Une dernière chose encore : le signe dont nous parlons n’aboutit -et même ne peut aboutir- à aucune injonction morale, à aucun précepte religieux. Tout paraît d’un naturel et d’une simplicité telle, qu’on est mis au défi d’imiter. Et voilà qui est souverainement libérateur : la libéralité du dieu et de son messager est telle qu’il n’y a rien de spécial à faire, rien de nouveau à faire -sinon à goûter l’eau changée en vin et s’en réjouir et continuer la fête-. La vie continue, la vie comme une fête, et le dieu y est mêlé : c’est juste une prise de conscience à laquelle nous sommes conduits. Une prise de conscience qui est tout sauf banale, mais qui aura des résonnances différentes chez chacun. Chacun se dira « il est là, et je ne le savais pas ! », et peut-être cela influera-t-il d’une manière ou d’une autre, mais sans que cela soit en rien codifiable ou généralisable.
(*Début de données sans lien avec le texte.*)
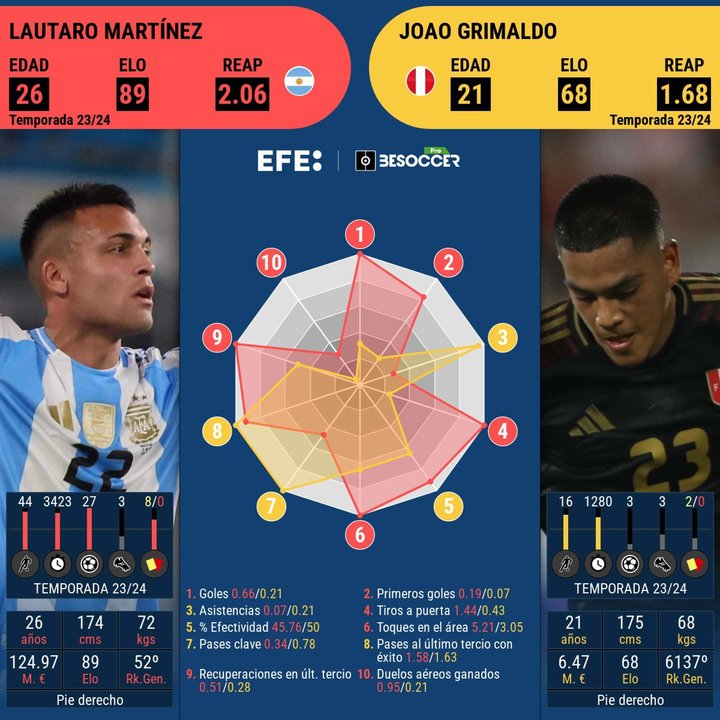 Este cara a cara es entre el representante de Argentina, Lautaro Martinez y el de Perú, Joao Grimaldo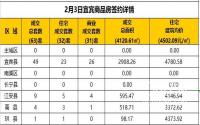 2月3日宜宾市商品房签约备案数据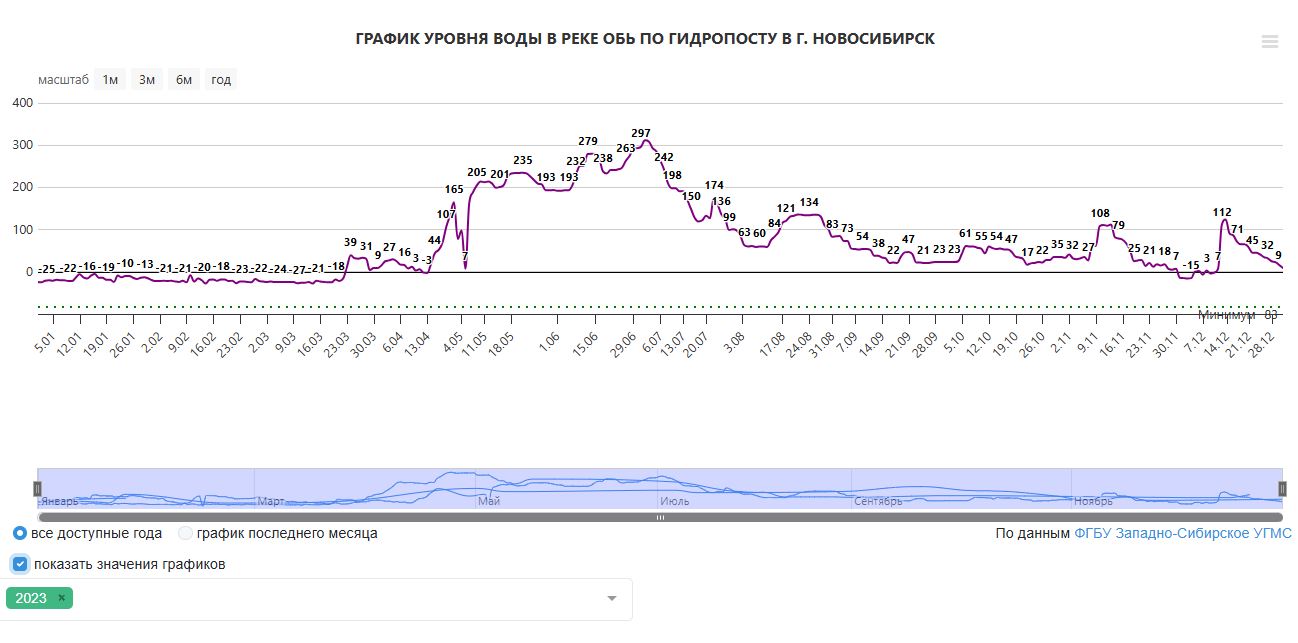 Детальные гидрографы уровня воды р. Обь за 2023 г. (типичный год с выраженным паводком и летними колебаниями)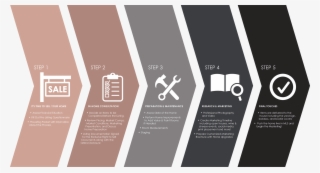 With Your Current Home Under Contract, We Show You - Graphic Design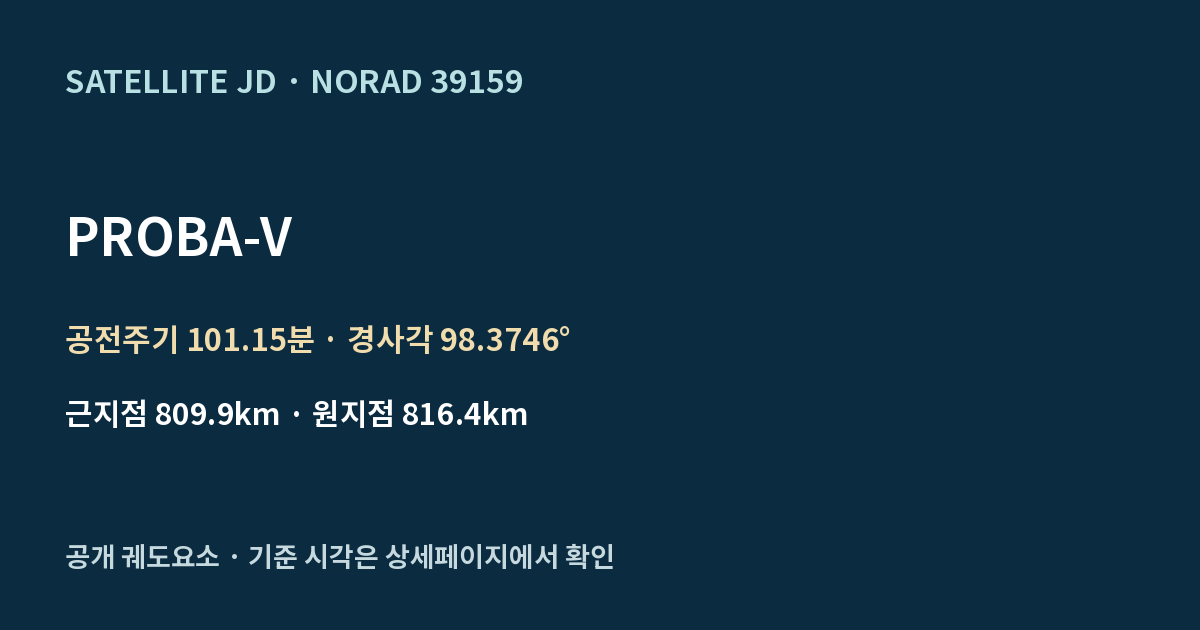 PROBA-V — 공개 궤도요소 요약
On dépasse ici la règle par le biais du personnel, de l’individuel.
Nous avons donc un signe qui n’apparaît comme tel que pour les disciples mais pour aucun des autres participants ; un signe qui est, à l’aune religieuse, fait dans des conditions d’une banalité étonnante et même plutôt scandaleuses pour une révélation du divin ; mais un signe qui indique par cela même qu’il ne faut pas chercher la présence de la parole, ou du dieu, dans l’extraordinaire. C’est au contraire dans l’ordinaire, qu’on le trouve. Mais tout de même dans ce qui fait la joie, dans ce qui fait l’union, dans ce qui rassemble. Et aussi dans le manque, je veux dire dans ce qui ferait précisément manquer ces buts s’il n’était là. A nous d’ouvrir les yeux sur nos vies, d’y trouver ces évènements qui sont comme les noces de Cana, et d’y reconnaître la puissance transformante de la parole faite chair, cachée mais fidèlement et intensément présente.